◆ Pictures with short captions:

....

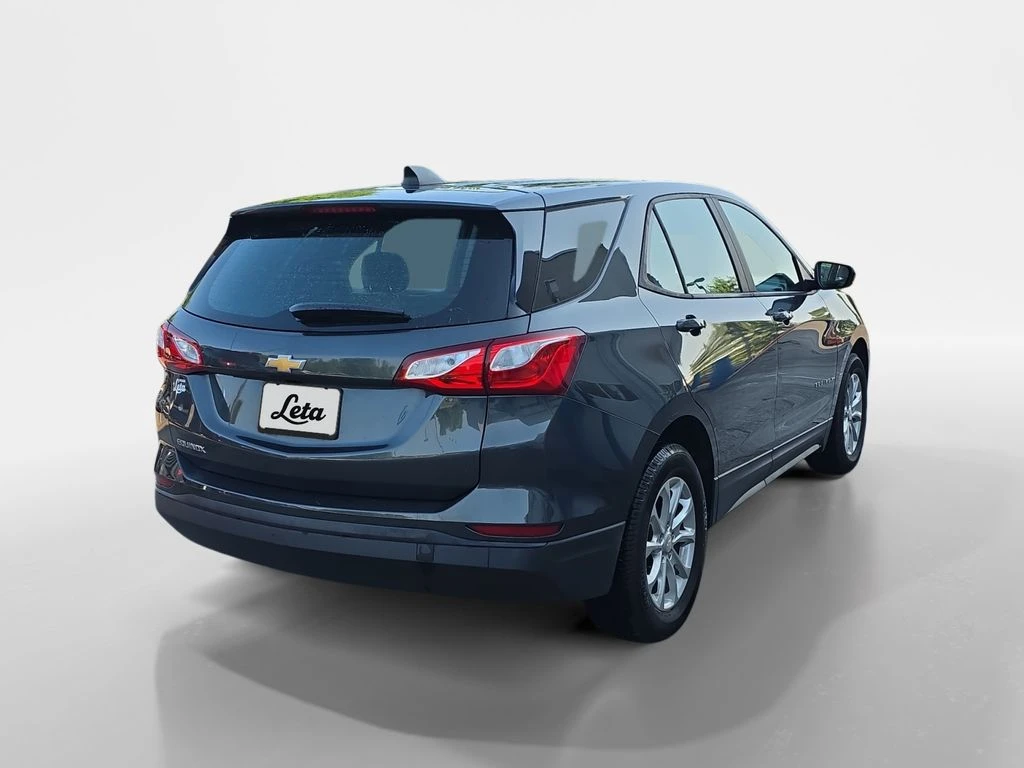 Frank Leta Automotive Outlet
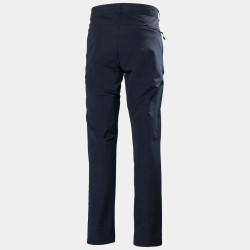 Превью товара: “Брюки QD PANTS HH, цвет Navy”, купить в интернет магазине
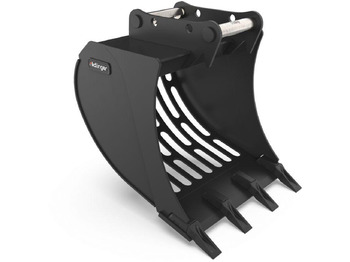 Rūšiavimo kaušas KUBOTA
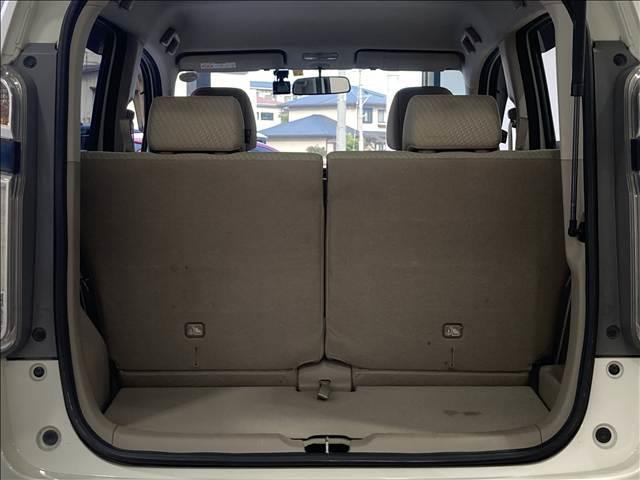 Ｎ－ＷＧＮ Ｇ　純正ナビ　ワンセグ　ＤＶＤ　Ｂｌｕｅｔｏｏｔｈ対応　バックカメラ　ＡＢＳ　Ｗエアバック　横滑り防止装置　アイドリングストップ　盗難防止装置　衝突安全ボディ　オートエアコン　ベンチシート　スマートキー（36枚目）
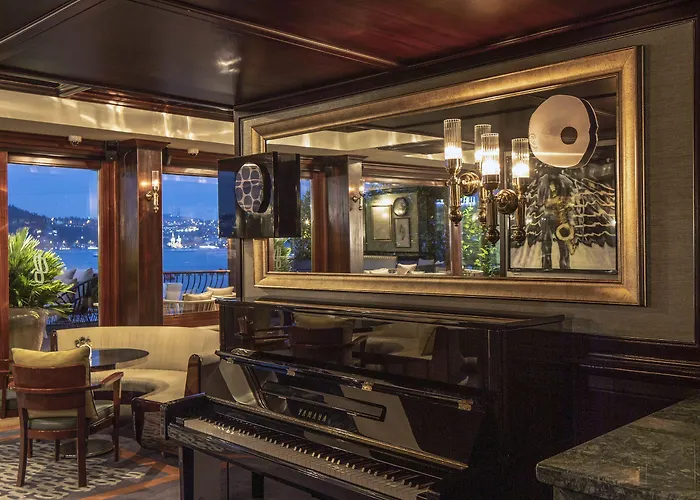 Bebek By The (adults Only) 3*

....

Output only the lines running from the one containing "Ｎ－ＷＧＮ Ｇ　純正ナビ　ワ" to the end of the records, inclusive and exact; skip the pictures.

 Ｎ－ＷＧＮ Ｇ　純正ナビ　ワンセグ　ＤＶＤ　Ｂｌｕｅｔｏｏｔｈ対応　バックカメラ　ＡＢＳ　Ｗエアバック　横滑り防止装置　アイドリングストップ　盗難防止装置　衝突安全ボディ　オートエアコン　ベンチシート　スマートキー（36枚目）
 Bebek By The (adults Only) 3*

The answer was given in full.